- Assignment:
Print, in exact form, the lines below from the one containing "Tabouret de bar vintage noir H75 cm DOVE" through the one containing "No Boundaries Jrs", and omit all others.

- Records shown:
==================================================

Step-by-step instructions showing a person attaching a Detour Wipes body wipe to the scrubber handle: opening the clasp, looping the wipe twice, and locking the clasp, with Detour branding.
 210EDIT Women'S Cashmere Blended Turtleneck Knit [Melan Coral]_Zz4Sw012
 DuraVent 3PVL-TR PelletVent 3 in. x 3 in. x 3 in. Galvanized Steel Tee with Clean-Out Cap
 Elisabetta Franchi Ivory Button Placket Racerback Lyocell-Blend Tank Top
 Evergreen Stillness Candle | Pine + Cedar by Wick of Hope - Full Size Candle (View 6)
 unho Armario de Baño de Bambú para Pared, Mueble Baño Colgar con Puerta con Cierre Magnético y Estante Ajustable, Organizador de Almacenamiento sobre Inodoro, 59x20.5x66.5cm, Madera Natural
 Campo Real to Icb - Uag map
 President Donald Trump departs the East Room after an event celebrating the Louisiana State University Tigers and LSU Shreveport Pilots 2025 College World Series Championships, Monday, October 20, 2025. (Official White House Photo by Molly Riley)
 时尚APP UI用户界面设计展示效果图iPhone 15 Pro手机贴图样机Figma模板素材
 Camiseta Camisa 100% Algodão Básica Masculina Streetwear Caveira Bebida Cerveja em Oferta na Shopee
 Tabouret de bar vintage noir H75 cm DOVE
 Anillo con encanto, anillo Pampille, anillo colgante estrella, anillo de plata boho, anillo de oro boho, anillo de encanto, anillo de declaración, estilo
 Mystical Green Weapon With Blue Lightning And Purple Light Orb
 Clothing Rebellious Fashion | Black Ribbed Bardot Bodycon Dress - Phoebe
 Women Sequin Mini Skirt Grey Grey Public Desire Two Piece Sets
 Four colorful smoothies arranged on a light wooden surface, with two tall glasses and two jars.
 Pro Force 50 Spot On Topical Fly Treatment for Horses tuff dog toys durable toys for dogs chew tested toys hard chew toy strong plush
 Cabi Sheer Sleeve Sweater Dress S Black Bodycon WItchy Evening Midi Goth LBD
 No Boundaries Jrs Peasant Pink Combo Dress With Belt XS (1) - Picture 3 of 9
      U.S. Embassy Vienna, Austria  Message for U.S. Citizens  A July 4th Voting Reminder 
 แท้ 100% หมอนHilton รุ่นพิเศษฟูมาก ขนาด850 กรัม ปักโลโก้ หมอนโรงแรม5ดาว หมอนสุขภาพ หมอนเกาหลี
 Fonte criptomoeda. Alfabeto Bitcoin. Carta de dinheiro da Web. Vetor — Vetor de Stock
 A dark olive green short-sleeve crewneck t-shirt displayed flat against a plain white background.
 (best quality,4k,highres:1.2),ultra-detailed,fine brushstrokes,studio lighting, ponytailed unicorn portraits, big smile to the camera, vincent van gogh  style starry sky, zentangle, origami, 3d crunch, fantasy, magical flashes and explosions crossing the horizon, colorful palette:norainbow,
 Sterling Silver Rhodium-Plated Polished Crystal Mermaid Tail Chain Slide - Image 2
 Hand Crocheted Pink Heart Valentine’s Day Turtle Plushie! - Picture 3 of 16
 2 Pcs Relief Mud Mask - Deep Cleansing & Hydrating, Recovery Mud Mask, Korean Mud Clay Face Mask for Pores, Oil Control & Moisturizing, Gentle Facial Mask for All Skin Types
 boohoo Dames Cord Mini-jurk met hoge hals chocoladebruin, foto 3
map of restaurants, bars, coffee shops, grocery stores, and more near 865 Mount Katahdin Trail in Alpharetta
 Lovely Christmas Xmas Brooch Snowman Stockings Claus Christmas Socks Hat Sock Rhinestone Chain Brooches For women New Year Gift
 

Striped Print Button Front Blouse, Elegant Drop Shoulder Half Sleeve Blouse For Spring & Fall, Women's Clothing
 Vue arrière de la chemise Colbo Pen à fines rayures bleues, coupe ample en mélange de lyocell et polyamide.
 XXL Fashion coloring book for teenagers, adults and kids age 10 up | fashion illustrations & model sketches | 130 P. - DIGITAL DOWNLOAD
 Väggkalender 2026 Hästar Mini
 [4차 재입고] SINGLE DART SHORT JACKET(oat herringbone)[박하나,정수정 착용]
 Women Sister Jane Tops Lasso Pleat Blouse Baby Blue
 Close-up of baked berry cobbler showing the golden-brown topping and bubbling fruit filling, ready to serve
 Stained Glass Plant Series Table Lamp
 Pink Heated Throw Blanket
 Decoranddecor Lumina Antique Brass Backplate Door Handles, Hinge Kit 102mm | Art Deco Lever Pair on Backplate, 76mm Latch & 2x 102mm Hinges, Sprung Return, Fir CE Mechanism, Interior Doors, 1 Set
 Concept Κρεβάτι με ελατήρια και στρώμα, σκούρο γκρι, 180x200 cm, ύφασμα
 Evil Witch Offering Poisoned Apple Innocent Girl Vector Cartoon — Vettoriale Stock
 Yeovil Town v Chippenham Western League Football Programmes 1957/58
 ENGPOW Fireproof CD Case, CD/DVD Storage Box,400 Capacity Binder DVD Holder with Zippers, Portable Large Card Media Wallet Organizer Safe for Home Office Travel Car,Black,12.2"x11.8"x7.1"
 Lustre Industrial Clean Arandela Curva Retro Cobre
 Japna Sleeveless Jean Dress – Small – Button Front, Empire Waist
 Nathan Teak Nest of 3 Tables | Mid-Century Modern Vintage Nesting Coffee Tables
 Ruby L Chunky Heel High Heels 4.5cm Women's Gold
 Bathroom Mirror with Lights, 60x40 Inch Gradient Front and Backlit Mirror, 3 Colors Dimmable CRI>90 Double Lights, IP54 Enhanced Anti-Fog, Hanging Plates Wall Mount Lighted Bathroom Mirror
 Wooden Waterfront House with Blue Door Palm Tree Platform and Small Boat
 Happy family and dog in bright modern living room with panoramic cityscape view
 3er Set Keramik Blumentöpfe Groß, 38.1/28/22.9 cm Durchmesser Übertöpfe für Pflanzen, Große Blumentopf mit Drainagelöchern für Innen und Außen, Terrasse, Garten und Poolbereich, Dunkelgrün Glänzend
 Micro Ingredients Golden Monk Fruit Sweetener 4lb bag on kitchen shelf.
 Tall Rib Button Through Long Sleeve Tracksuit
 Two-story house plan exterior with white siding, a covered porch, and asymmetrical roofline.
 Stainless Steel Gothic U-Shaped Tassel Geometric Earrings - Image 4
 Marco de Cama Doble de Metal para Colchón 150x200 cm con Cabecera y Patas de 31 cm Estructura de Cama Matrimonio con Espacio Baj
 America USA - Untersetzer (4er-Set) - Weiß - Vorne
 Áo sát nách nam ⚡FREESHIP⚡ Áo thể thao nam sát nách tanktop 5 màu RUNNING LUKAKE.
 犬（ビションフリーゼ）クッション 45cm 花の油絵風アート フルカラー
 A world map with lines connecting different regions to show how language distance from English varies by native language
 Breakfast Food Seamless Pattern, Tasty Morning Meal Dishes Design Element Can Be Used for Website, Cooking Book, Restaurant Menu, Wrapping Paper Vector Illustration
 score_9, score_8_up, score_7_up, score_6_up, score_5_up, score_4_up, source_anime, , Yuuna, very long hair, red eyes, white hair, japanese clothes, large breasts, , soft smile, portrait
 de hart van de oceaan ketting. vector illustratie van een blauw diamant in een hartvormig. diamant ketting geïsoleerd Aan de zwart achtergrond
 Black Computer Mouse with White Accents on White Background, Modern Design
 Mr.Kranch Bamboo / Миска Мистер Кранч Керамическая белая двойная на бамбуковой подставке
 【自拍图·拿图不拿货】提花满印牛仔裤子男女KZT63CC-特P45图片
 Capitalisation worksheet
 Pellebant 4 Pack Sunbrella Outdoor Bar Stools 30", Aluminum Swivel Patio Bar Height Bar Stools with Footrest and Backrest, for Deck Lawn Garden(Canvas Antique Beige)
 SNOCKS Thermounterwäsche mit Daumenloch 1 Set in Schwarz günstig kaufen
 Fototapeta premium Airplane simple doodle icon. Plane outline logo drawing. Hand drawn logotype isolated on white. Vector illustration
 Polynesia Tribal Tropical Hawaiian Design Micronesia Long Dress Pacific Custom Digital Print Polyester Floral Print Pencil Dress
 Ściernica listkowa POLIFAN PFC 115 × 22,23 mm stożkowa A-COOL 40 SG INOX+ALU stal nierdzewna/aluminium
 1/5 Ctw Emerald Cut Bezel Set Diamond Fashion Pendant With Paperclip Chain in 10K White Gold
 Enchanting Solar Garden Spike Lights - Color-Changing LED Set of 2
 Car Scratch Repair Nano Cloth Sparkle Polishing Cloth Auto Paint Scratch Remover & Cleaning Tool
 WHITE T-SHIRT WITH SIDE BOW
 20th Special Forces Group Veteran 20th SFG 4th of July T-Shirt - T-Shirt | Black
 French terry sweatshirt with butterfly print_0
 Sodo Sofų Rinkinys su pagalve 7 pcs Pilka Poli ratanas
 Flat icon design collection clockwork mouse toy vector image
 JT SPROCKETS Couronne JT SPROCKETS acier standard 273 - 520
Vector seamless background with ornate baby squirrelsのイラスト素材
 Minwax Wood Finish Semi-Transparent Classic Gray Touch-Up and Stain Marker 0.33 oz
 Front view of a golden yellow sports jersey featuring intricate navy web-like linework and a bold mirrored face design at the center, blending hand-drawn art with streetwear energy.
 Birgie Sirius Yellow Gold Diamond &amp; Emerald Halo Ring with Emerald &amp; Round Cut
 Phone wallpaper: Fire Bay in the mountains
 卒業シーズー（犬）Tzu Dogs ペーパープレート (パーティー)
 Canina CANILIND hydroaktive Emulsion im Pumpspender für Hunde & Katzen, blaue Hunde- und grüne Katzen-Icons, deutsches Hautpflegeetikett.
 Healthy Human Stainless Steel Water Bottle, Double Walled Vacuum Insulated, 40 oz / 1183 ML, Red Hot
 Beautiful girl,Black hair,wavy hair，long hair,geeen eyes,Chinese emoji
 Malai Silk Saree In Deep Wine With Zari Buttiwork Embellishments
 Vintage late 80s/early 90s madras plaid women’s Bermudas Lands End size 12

==================================================

- Output for this task:
 Tabouret de bar vintage noir H75 cm DOVE
 Anillo con encanto, anillo Pampille, anillo colgante estrella, anillo de plata boho, anillo de oro boho, anillo de encanto, anillo de declaración, estilo
 Mystical Green Weapon With Blue Lightning And Purple Light Orb
 Clothing Rebellious Fashion | Black Ribbed Bardot Bodycon Dress - Phoebe
 Women Sequin Mini Skirt Grey Grey Public Desire Two Piece Sets
 Four colorful smoothies arranged on a light wooden surface, with two tall glasses and two jars.
 Pro Force 50 Spot On Topical Fly Treatment for Horses tuff dog toys durable toys for dogs chew tested toys hard chew toy strong plush
 Cabi Sheer Sleeve Sweater Dress S Black Bodycon WItchy Evening Midi Goth LBD
 No Boundaries Jrs Peasant Pink Combo Dress With Belt XS (1) - Picture 3 of 9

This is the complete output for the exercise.